To find the x-intercept, set \(y=0\) in the equation and solve for \(x\). By substituting \(y=0\), we get \(0 = \sqrt{1 - x}\). Squaring both sides, we have 0 = \(1 - x\), which simplifies to \(x = 1\). Thus the x-intercept is (1,0).\nTo find the y-intercept, set \(x=0\) in the equation and solve for \(y\). Substituting \(x=0\) we get \(y = \sqrt{1}\), which simplifies to \(y = 1\). Thus, the y-intercept is (0,1).

Check for symmetry by substituting \(-x\) for \(x\) and \(-y\) for \(y\). Thus, the equation becomes: \(-y = \sqrt{1 - (-x)}\). Squaring both sides results in \(y^2 = 1 + x\), which is not equivalent to the original equation, so the graph is not symmetric about the y-axis. Substitute \(x\) for \(-x\) and \(y\) for \(-y\) in the original equation, the equation becomes: \(-y = \sqrt{1 - x}\), which also doesn't match the original equation, so the graph is not symmetric about the x-axis. Hence, there is no symmetry with respect to x and y.
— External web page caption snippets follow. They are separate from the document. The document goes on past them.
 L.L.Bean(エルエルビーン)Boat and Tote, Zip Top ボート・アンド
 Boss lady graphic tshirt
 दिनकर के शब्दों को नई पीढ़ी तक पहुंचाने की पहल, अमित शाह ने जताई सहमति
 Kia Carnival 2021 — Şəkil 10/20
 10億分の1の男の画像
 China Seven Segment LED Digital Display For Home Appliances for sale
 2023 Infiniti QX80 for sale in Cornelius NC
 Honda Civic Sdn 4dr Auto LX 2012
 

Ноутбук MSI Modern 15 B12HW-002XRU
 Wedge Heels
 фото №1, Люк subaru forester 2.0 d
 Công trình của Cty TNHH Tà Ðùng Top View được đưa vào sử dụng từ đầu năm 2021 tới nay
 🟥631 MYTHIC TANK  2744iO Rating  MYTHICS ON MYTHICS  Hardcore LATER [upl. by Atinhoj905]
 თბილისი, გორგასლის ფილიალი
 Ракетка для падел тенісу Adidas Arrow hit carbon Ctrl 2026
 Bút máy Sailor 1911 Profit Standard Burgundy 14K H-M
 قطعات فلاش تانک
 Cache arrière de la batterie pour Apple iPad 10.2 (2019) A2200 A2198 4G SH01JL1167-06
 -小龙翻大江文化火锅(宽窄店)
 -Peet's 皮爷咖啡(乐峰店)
Having identified the intercepts and symmetry, one can now sketch the graph. The graph will start at point (1,0) on the x-axis and gradually ascend as \(x\) decreases until it reaches its highest point at the y-intercept, (0,1). The right side of the graph isn't defined for \(x > 1\) because you can't take the square root of a negative number, so there's only the left half of the graph.